1.1 On 27 March 2012, we published our decision on the new regulatory framework for the postal market ("the March 2012 statement"). (-1-) In this document we set out our decision to grant Royal Mail significant pricing freedom to help secure the ongoing provision of the universal postal service. At the heart of our proposals was the imposition of key safeguards, including a safeguard cap to ensure that vulnerable consumers are able to afford a basic universal service.
1.2 We decided in the March 2012 statement that the safeguard cap needed to cover all Second Class stamp products up to 2kg. We confirmed the form and level for the cap on the Second Class stamp Letter. (-2-) We set this cap at 55p, which represented a 53% increase on the stamp price at the time which was 36p (2011-12 prices). This cap applies for seven years and is subject to indexation at CPI.

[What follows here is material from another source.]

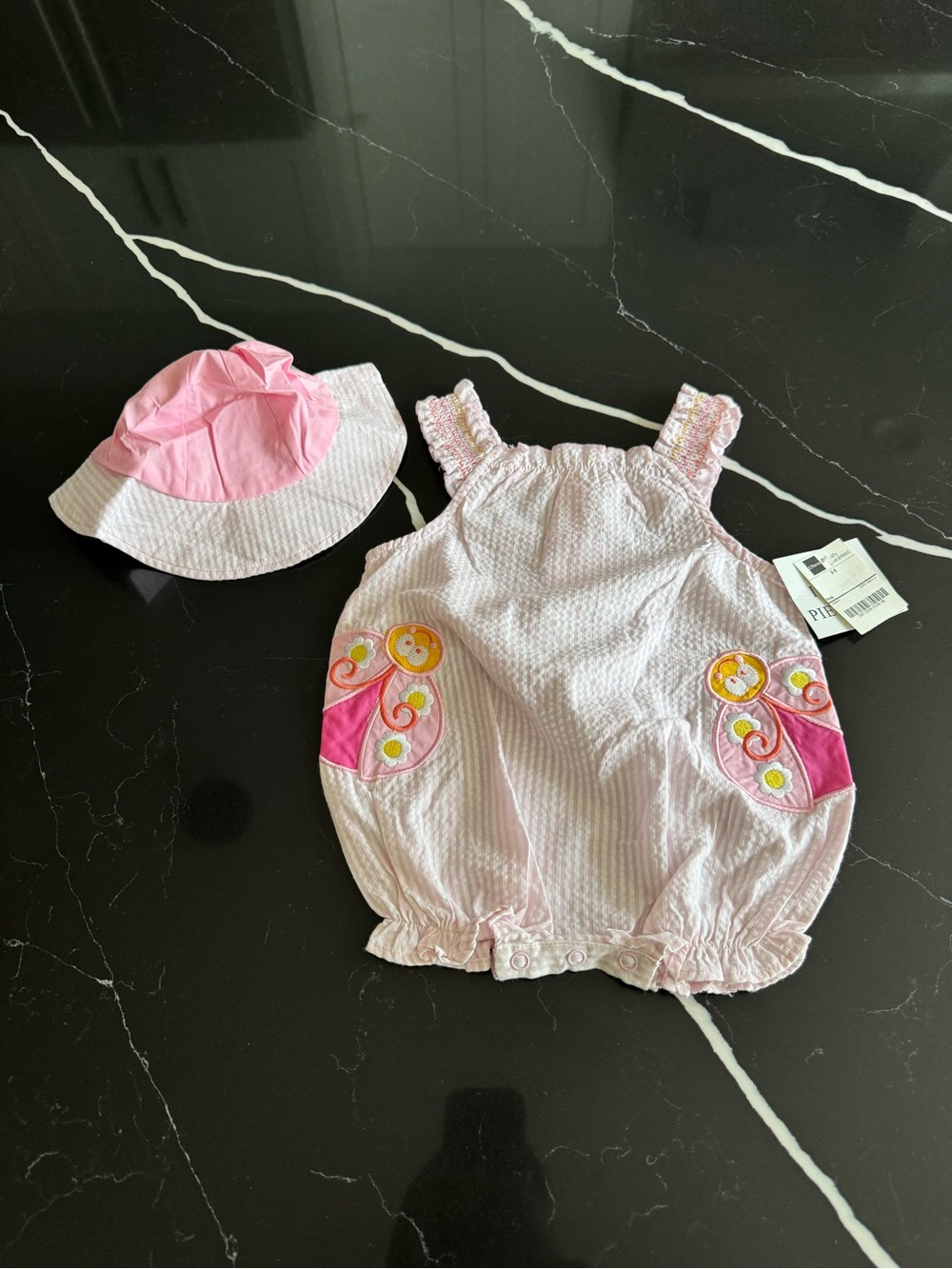 jcpenney Pink Striped Baby Romper with Floral Embroidery Vintage Y2K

1.3 We also noted we would consult on the structure, form and level of the safeguard cap for Second Class Large Letters (-3-) and packets up to 2kg. As a result we published a consultation on 27 April 2012 that set out our proposals in this regard for these products ("the April 2012 consultation"). (-4-) Designing such a cap is slightly more complex compared to the cap applied to Second Class stamp Letters, as Royal Mail offers Large Letter, packet and Standard Parcel products at a variety of different weights.
1.4 We proposed a simple basket approach that would give Royal Mail flexibility to set the structure of individual prices subject to a cap on the maximum overall price increase for users of Second Class stamp Large Letters and packet products up to 2kg.

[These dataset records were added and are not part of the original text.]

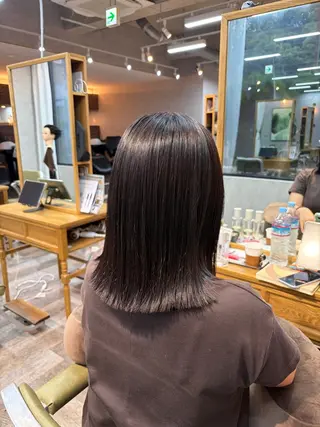 ミディアム 🌱縮毛矯正/カラー /🌈りつき🌈のヘアスタイル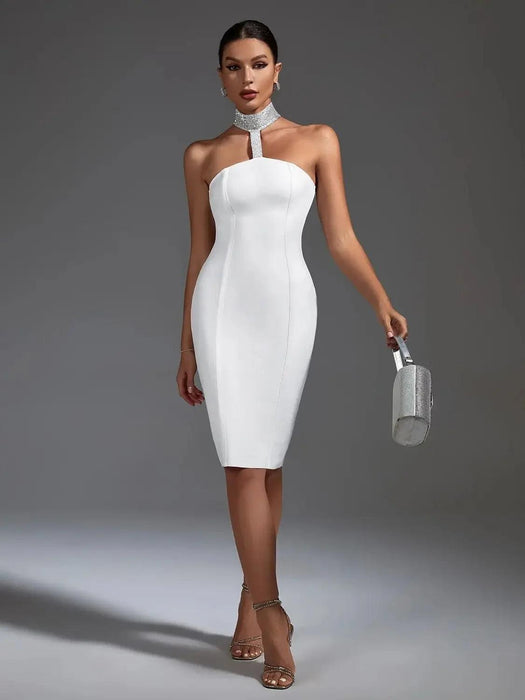 Sculpted Elegance: White Halter Neck Bodycon Dress for Unforgettable Evenings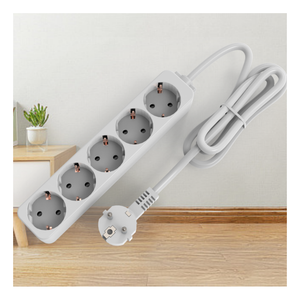 Regleta de Enchufes de 5 Vías con Certificación CE GS RoHS, Estándar Europeo, Cable de 3x1.5mm2, 1.4 Metros, para Electrodomésticos - Product Image 4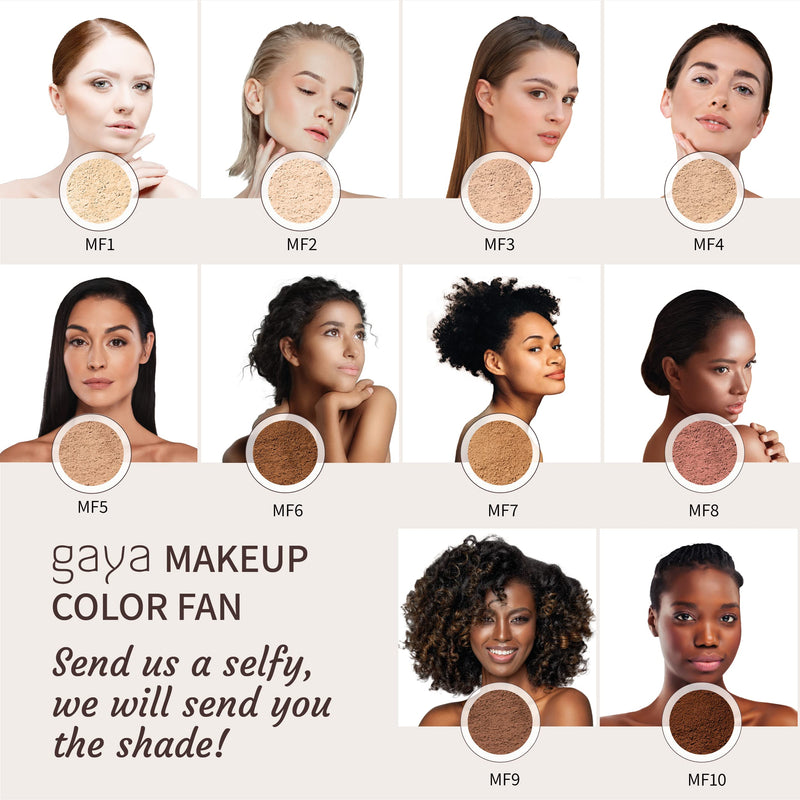 Vegan Buildable Mineral Powder Foundation– Light to Full Coverage, Cruelty-Free Face Makeup Enhances All Skin Types – Smooth Natural-Looking Makeup Foundation Doesn’t Clog Pores by Gaya Cosmetics MF1 - NewNest Australia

1.5 In considering the level of the cap, we noted that in general consumers buy Large Letter and packet products even less frequently than Letters and have a low weekly spend on these products (when this is averaged across the year). Therefore we proposed that it was appropriate to set the cap at the same price increase as for Letters (53% plus CPI). This would limit the maximum increase over a seven year period to protect consumers from very significant increases in the cost of these products, while giving Royal Mail sufficient flexibility as part of our overall approach to price deregulation.

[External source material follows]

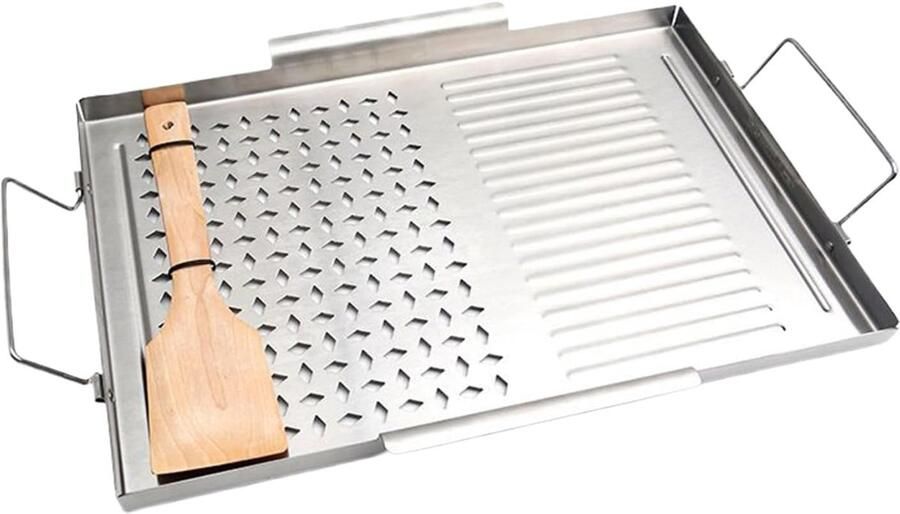 Grillplaat Bakplaat Roestvrijstalen bakplaat Buiten koken Uniforme warmtegeleiding 43x29.2x2 cm Zilver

1.6 In this document, we consider responses from stakeholders to our proposals and set out our conclusions. The majority of respondents were concerned about the level of price rises that could occur under our proposals. Consumer Focus and the CWU reiterated their concerns that higher prices could result in these universal services no longer being affordable. However, respondents did not provide any specific evidence that the proposed levels for the safeguard cap were unaffordable.
1.7 Royal Mail reiterated its arguments that such a cap on Large Letters and packets was unnecessary. It was also concerned that the cap should be set at a level that enabled it to set prices that respond to market conditions and cover its costs in the growing packets markets. Royal Mail did not in our view demonstrate that the proposed level of the cap would prevent it meeting these objectives.
1.8 We have concluded that we will, as proposed, set the level of the safeguard cap at a 53% increase over 2011-12 prices for the seven year duration of the regulatory framework, increasing with CPI inflation.